More and more, government leaders are under extraordinary pressure to innovate -- to purposefully create and execute solutions while implementing continuous improvement and managing planned change. But simply waiting for innovation to happen is perilous, especially in today's political and fiscal climate.
In short, playing it safe is no longer playing it smart. Today's government leaders must be effective catalysts, creating and maintaining the conditions that make innovation happen. In effectively implementing a culture for growing innovation, there is much that leaders can borrow from the people who grow our food.

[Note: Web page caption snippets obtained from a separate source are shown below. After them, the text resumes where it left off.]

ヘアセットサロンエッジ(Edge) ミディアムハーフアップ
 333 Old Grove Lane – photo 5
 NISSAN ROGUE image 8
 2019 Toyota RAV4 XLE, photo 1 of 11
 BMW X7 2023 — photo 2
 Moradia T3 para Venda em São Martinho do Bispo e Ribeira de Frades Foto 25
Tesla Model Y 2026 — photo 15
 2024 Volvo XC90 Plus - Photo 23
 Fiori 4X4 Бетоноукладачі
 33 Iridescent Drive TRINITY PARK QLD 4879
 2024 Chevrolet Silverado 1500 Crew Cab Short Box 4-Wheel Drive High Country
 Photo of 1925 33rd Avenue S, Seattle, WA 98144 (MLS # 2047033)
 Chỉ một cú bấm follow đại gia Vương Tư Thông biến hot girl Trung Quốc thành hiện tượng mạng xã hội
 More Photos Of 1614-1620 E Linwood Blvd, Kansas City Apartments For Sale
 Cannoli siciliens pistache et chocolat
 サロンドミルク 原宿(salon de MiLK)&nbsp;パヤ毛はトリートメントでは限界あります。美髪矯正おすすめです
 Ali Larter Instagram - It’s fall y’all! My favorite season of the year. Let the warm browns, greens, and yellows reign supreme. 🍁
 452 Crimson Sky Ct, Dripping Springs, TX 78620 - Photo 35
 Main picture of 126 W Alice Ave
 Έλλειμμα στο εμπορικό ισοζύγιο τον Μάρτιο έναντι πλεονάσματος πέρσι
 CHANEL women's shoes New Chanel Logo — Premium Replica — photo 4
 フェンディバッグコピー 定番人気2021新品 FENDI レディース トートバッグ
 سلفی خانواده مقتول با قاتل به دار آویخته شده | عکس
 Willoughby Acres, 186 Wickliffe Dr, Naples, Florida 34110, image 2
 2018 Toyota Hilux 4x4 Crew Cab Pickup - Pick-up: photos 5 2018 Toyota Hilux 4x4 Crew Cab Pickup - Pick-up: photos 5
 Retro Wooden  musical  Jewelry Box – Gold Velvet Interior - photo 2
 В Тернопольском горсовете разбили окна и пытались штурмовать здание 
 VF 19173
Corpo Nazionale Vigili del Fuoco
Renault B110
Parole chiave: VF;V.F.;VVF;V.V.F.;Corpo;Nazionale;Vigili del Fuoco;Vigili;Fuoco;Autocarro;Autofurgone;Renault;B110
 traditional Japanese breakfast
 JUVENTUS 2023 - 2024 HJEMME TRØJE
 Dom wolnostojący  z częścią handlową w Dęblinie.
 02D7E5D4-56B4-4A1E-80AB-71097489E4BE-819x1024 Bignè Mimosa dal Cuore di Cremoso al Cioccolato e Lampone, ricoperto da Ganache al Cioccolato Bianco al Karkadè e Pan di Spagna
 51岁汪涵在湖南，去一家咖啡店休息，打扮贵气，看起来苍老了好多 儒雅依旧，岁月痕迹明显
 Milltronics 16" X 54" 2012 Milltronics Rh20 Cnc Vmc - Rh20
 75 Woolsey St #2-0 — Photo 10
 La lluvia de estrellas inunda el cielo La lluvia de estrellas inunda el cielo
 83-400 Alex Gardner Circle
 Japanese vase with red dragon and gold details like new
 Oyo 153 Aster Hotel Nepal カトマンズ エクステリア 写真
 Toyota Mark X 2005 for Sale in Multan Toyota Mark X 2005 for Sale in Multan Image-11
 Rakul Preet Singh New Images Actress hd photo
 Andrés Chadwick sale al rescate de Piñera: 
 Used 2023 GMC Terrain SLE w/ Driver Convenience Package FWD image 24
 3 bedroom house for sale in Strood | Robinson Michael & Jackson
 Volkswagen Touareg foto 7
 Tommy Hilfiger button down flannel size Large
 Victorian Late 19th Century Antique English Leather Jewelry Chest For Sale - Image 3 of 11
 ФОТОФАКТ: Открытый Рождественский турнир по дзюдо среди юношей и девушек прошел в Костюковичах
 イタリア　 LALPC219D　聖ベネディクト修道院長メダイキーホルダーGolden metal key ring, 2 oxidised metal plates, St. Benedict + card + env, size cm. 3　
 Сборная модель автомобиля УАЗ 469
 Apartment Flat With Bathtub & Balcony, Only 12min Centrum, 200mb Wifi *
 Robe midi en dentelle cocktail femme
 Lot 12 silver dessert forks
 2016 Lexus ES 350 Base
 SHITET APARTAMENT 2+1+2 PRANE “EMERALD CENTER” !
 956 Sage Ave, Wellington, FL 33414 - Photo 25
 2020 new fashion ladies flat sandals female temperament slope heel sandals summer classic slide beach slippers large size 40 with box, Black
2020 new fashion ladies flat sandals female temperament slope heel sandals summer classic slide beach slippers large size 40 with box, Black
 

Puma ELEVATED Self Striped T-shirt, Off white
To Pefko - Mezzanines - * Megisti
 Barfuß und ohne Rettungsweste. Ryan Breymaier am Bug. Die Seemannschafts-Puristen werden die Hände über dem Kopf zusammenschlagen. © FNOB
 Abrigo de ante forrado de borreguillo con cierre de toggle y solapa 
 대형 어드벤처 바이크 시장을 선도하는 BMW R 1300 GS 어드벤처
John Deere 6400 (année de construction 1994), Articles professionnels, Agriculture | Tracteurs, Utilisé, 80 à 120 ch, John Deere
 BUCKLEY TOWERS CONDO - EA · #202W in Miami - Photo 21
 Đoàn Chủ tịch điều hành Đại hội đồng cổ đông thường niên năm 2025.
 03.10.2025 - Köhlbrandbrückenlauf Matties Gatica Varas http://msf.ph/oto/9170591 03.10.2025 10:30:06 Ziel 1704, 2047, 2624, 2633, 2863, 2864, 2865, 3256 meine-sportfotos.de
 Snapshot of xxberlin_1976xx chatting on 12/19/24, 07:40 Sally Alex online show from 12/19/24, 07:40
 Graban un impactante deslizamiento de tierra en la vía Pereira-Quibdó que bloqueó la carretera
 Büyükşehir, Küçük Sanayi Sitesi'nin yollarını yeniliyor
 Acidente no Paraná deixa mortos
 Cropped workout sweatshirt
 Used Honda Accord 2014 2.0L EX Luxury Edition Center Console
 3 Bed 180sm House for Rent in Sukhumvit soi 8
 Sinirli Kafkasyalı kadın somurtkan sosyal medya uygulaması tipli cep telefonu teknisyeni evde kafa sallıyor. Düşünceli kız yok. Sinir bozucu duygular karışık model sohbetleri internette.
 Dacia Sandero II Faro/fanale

Successful farmers are disciplined, and they rely on a set of sequenced steps to achieve their desired results. Farmers consciously adapt to shifting conditions, both economic and environmental, in their pursuit of a bountiful harvest. Similarly, government leaders must become fluent in change management, adapting to their own shifting conditions, for innovation to be realized in their organizations. The steps in the farming cycle can serve as a guide:
1. Crop selection: Farmers don't simply toss seeds into the dirt and wait for serendipity to arrive. Instead, they use a blend of hard-earned knowledge, intuition and commercial viability to determine what to plant. In government, with its heavy emphasis on measures of outputs rather than outcomes, it can be hard to determine what's not working as it should and may be ripe for improvement. But effective innovators apply the principle that "if it's not broken, break it": They are curious, vigilant and constantly scanning their agency's operations for opportunities for innovation.
2. Land preparation: Farmers create fertile soil for seeds to take root and grow. Similarly, innovators emphasize smart risk-taking in their pursuit of disrupting the status-quo thinking of "we've always done it that way." They recognize that the absence of failure does not constitute success; they not only tolerate mistakes but encourage them as a means of generating creative solutions. Their focus is on asking mission questions as opposed to solely relying on their agency's mission statement.
3. Irrigation and fertilization: In farming, providing sufficient irrigation and fertilization is critical to ensuring a successful yield. In government, the gravitational pull of bureaucracy -- the resynthesizing of past solutions to try to deal with new problems -- is a severe constraint on identifying creative new solutions. Innovative leaders think differently about the business of continuous improvement, and they invariably talk about it differently as well, integrating into the daily dialogue words such as "imagination" and "entrepreneurship." Innovators realize that growth and comfort don't co-exist but that creativity and discipline do.
4. Harvesting: The intent of farming is the harvest, the gathering of mature crops from the field in order to sell them in the marketplace. Innovators, when they reach this stage of the cycle, follow through to implement their solutions, since in the end innovation is all about problem-solving. Innovators recognize that innovation is often iterative, so they don't use perfection as the guidepost when applying solutions.
In the end, what successful farmers and effective public innovators do isn't that different. They combine replicable processes with sound judgment and the creativity to seize on opportunities that arise. For both, it's the formula for a bountiful harvest.